- DATA RECORDS -
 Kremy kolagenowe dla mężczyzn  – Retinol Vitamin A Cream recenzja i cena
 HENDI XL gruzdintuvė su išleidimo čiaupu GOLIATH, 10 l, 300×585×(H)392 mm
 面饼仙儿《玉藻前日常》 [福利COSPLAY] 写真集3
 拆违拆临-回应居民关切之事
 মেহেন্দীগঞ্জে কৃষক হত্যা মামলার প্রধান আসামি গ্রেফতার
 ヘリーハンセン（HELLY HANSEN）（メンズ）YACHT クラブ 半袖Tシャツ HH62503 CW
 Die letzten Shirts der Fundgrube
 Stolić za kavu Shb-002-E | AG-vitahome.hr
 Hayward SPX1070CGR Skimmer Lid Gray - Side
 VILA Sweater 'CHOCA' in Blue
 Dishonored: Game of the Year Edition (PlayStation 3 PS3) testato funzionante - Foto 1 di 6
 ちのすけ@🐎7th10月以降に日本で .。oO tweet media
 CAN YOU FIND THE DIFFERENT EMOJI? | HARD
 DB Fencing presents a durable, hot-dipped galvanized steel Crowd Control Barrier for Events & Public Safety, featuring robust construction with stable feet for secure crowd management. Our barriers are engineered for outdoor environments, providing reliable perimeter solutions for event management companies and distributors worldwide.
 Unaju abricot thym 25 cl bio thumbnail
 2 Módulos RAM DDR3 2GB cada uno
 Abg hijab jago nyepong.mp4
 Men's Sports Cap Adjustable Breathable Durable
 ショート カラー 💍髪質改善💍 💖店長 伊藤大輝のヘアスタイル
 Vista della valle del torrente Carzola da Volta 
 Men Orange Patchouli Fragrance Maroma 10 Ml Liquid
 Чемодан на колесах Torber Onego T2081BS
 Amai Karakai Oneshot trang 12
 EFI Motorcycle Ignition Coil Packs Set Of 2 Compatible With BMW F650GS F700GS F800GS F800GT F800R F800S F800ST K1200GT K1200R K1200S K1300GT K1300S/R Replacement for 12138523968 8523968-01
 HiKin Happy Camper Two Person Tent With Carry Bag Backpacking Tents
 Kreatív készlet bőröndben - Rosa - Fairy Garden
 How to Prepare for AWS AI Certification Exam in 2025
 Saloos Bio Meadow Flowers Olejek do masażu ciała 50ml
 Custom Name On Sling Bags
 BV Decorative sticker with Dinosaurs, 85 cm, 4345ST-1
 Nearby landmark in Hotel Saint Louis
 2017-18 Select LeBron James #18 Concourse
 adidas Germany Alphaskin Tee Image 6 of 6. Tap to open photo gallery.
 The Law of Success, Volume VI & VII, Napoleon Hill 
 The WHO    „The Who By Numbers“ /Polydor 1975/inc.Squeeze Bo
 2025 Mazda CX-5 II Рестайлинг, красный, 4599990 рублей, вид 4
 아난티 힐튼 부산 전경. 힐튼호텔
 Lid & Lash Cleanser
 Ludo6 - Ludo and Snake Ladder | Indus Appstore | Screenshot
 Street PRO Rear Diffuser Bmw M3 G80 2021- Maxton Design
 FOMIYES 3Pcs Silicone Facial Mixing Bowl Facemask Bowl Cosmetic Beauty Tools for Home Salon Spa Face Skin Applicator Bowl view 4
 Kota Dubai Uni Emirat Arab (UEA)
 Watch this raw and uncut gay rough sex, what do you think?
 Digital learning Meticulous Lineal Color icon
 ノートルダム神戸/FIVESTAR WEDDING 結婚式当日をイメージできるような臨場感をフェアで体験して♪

- WORK TO COMPLETE -
Using the material above, quote the first line and each line after it, stopping at and including the line that holds "Stolić za kavu Shb-002-E | AG-vitahome.hr".

- RESULT -
 Kremy kolagenowe dla mężczyzn  – Retinol Vitamin A Cream recenzja i cena
 HENDI XL gruzdintuvė su išleidimo čiaupu GOLIATH, 10 l, 300×585×(H)392 mm
 面饼仙儿《玉藻前日常》 [福利COSPLAY] 写真集3
 拆违拆临-回应居民关切之事
 মেহেন্দীগঞ্জে কৃষক হত্যা মামলার প্রধান আসামি গ্রেফতার
 ヘリーハンセン（HELLY HANSEN）（メンズ）YACHT クラブ 半袖Tシャツ HH62503 CW
 Die letzten Shirts der Fundgrube
 Stolić za kavu Shb-002-E | AG-vitahome.hr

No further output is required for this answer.